The assembly for the ROM is included. It's minimalistic:

  • It clears the screen.
  • It uses the character out routine to print a banner
  • It then checks $9D for an address. If it contains a non-zero 16-bit value, it jumps to that address.
  • Otherwise, it enters a keyboard polling and printing routine.

For the Cyclone V board and the LX9 board, the application will automatically start, and it looks like this: (actually, I hit one random key as it prints a half screen and stops until you press a key) Application running

For the Cyclone IV, I mentioned before that there wasn't quite enough block RAM in the EP4CE6, so it isn't preloaded with the app, and it just enters the keyboard print routine; it looks like this: [If you remove the preinitialization of RAM from the Cyclone V or LX9 versions, they'll just enter the keyboard print routine as well.] The boot rom running

VGA and PS/2

If someone really wants me to, I can describe these. The VGA implementation is intentionally rigged to generate the bitmap data first, then the horizontal and finally the vertical blank to make it easy to use a set of VGA mode data called 'modelines'. Mapping of the 256x192 on top of it, and then the 32x16 text on top of that is a bit hacky; however, I did want a demo of something. The PS/2 implementation is really just scribbled out and is certainly nothing special.

Surprises

My plan - described above - about providing a POLCAT and CHROUT routine and simulating just enough of the environment to let the text adventure run almost worked.

Almost.

To my shock, the author of the adventure called CHROUT for outputting text, but he also read and wrote directly to the screen memory. In fact, his line buffer for entering a command in is quite literally the bottom line of the screen.

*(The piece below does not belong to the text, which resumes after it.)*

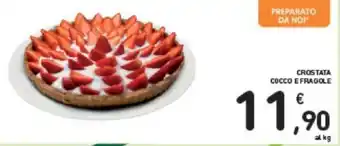 Conad CROSTATA COCCO EFRAGOLE offerta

Thus, even if I accomdated the different character set map in CHROUT, the app's scraping of the screen memory defeated that. Ouch.

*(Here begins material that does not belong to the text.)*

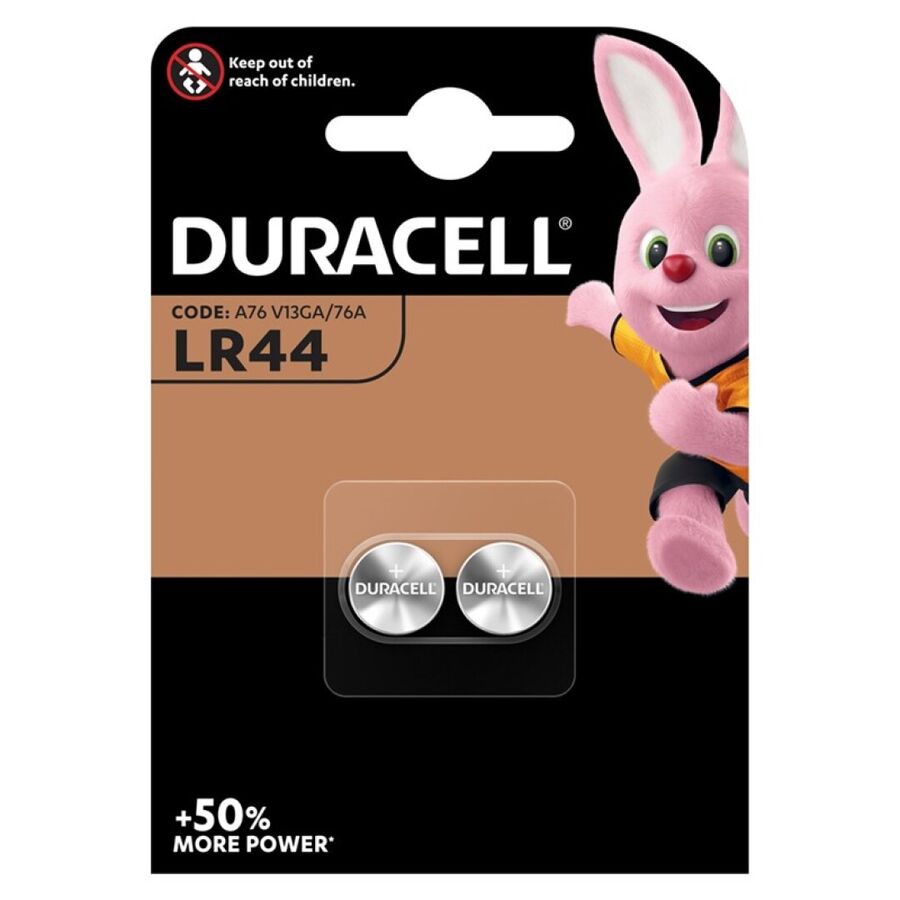 DURACELL - LR44 1.5V BATTERY 2 UNITS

I ended up stuffing a hack into the VGA driver to remap the character set to match what the app expected, then changed the CHROUT routine to map accordingly. There's some wacky stuff in vga.v as a result in the character mapping; forgive me. (Note all of the times on this page that I've said "please don't try to reuse the sample code for VGA, PS/2, etc., it isn't worth it.")

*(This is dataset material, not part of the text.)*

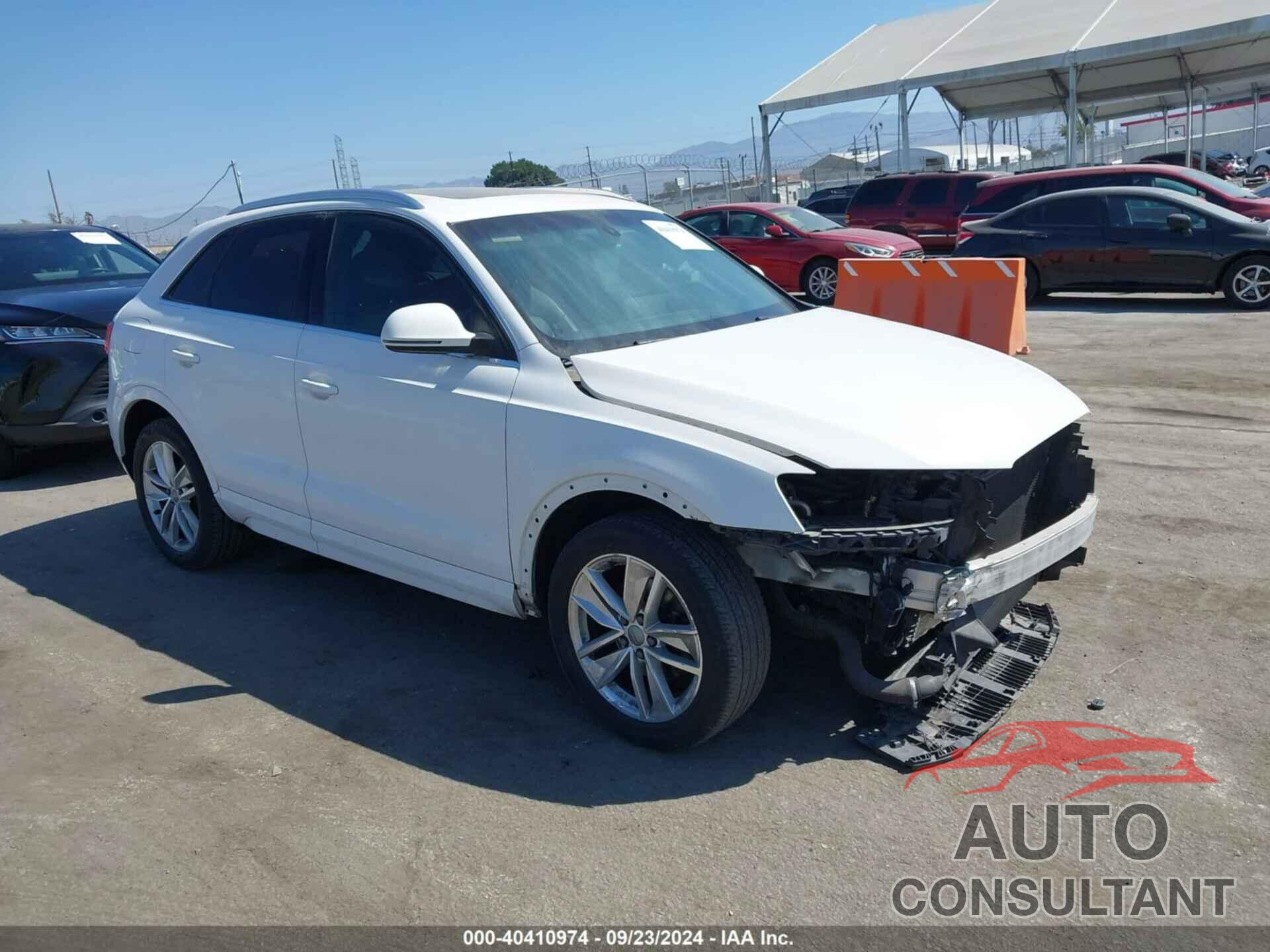 AUDI Q3 2017 - WA1JCCFS5HR010210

My next surprise was in forgetting that the platform the app was written for basically didn't have common lowercase. I hadn't done CAPS LOCK, so the keyboard is in lowercase unless a shift key is pressed. The application doesn't appreciate lowercase letters a lot, and deals with text in a way that's basically 32 symbols and 32 capital letters. If you enter lowercase, it'll convert the keypresses to symbols. It isn't a mistake in the PS/2 code, or the POLCAT routine. It's just the app.

Take-away

I could simplify this by saying "You basically need 6809i.v and 6809.v/6809e.v/6809s.v might be convenient, but you really only need the one file." In fact, perhaps I should've started off with that?